▶ What is needed: Leaving out the pictures, return word for word the stretch of entries below from the line holding "AUTH Valentino Rockstud" through the line holding "Blusa HARBARD_A M.3/4".

▶ Stored data:

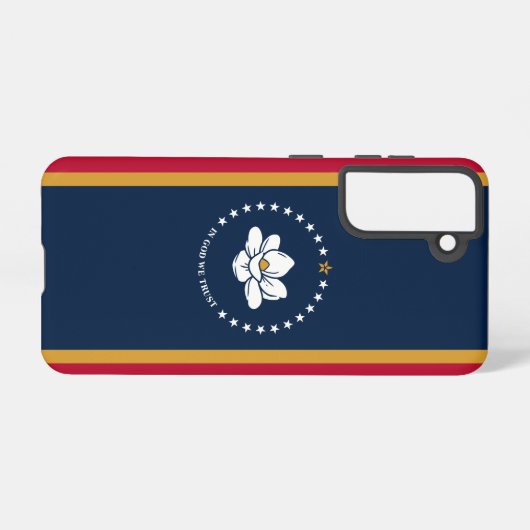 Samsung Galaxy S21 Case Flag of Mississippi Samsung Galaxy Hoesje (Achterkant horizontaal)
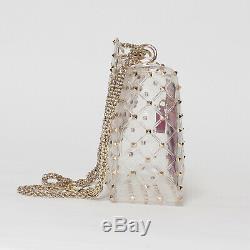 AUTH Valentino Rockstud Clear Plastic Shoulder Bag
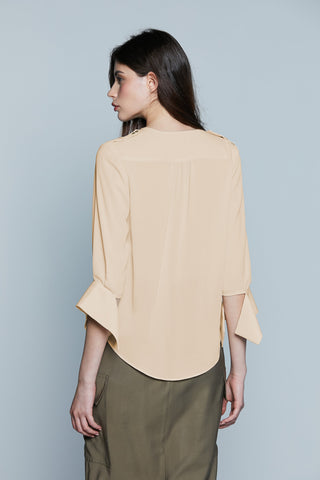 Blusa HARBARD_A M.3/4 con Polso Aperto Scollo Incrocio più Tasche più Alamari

...

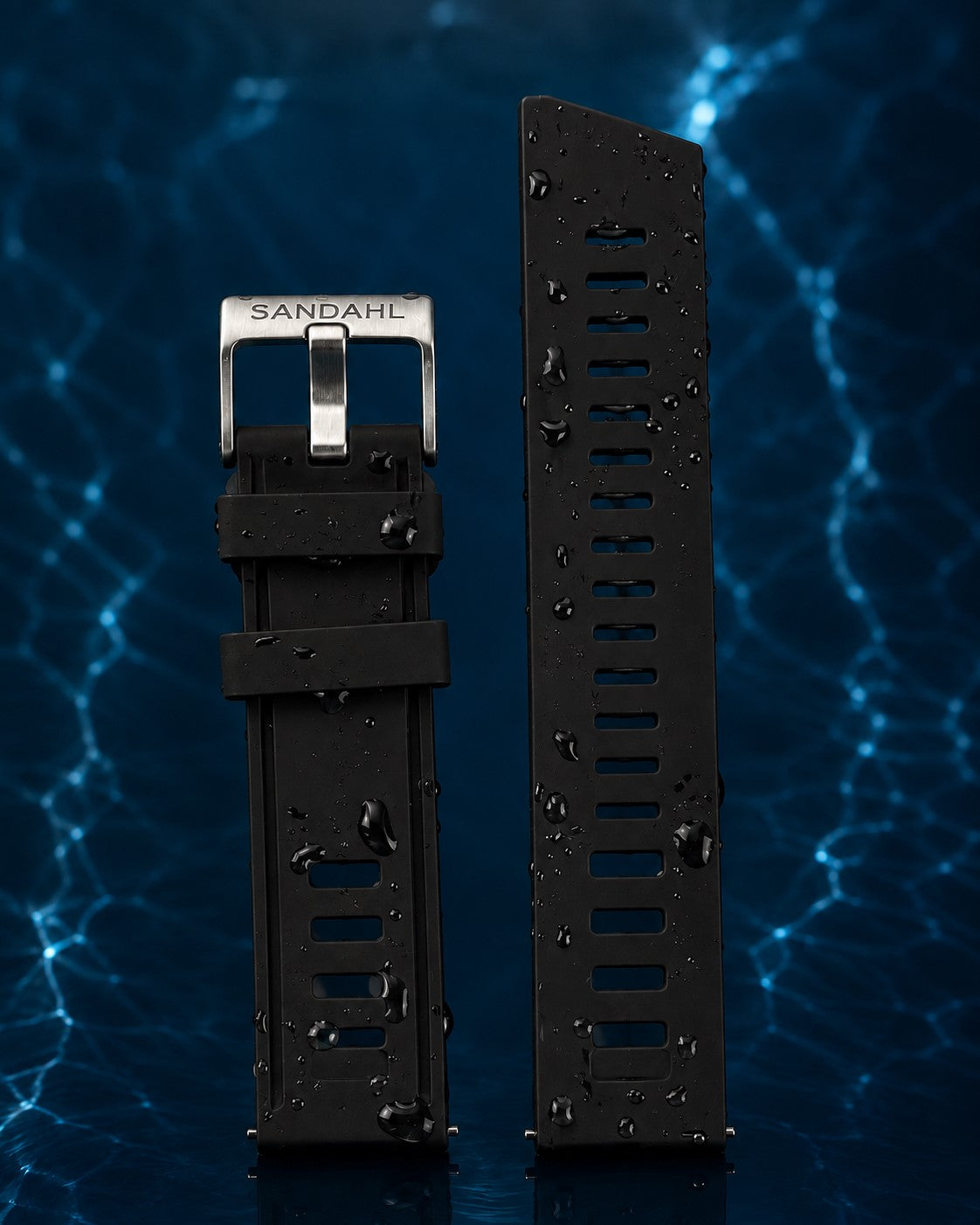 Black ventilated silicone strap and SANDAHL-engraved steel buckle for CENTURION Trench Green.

▶ Expected output:
 AUTH Valentino Rockstud Clear Plastic Shoulder Bag
 Blusa HARBARD_A M.3/4 con Polso Aperto Scollo Incrocio più Tasche più Alamari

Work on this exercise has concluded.